Another thing Caffeine is used for in body care products is its anti-cellulite effects. In theory, it can speed up the lipolysis process (the "fat burning" by our cells) and stimulate the draining lymph system that might lead to the improvement of cellulite. But here again, the evidence that it actually makes a measurable, let alone visible, improvement on actual human beings is limited (we could find only some animal skin studies or caffeine being combined with other actives).
Last, but not least, we have to write about caffeine and hair growth. The theory is that it can inhibit the activity of the 5-α-reductase enzyme that plays an important role in hair loss and allows a renewed growth phase of the hair. We have found some recent and promising research to back this up. A 2017 study compared a 0.2% caffeine liquid with a 5% Minoxidil (an FDA approved active to treat baldness) solution and found that "a caffeine-based topical liquid should be considered as not inferior to minoxidil 5% solution in men with androgenetic alopecia", or English translation means that the caffeine liquid was pretty much as good as the FDA-approved Minoxidil stuff. Not bad!
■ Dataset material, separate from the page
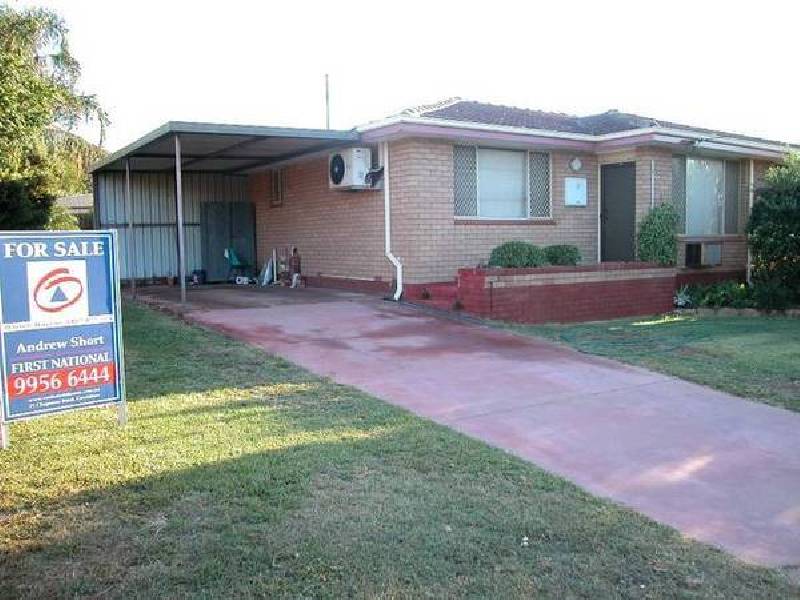 2 Thomas Avenue, Geraldton WA 6530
Overall, we think that caffeine is a very versatile and biologically active ingredient. Even though some of its effects are more hyped up than backed up, it is still a nice to have on many ingredient lists.
Show me some proof
- Amnuaikit, Thanaporn, Duangkhae Maneenuan, and Prapaporn Boonme. "Evaluation of Caffeine Gels on Physicochemical Characteristics and In Vivo Efficacy in Reducing Puffy Eyes." (2011).
- Bussoletti, C., M. V. Tolaini, and L. Celleno. "Efficacy of a cosmetic phyto-caffeine shampoo in female androgenetic alopecia." Giornale italiano di dermatologia e venereologia: organo ufficiale, Societa italiana di dermatologia e sifilografia (2018).
- Dhurat, Rachita, et al. "An Open-Label Randomized Multicenter Study Assessing the Noninferiority of a Caffeine-Based Topical Liquid 0.2% versus Minoxidil 5% Solution in Male Androgenetic Alopecia." Skin pharmacology and physiology 30.6 (2017): 298-305.
- Herman, A., and A. P. Herman. "Caffeine’s mechanisms of action and its cosmetic use." Skin pharmacology and physiology 26.1 (2013): 8-14.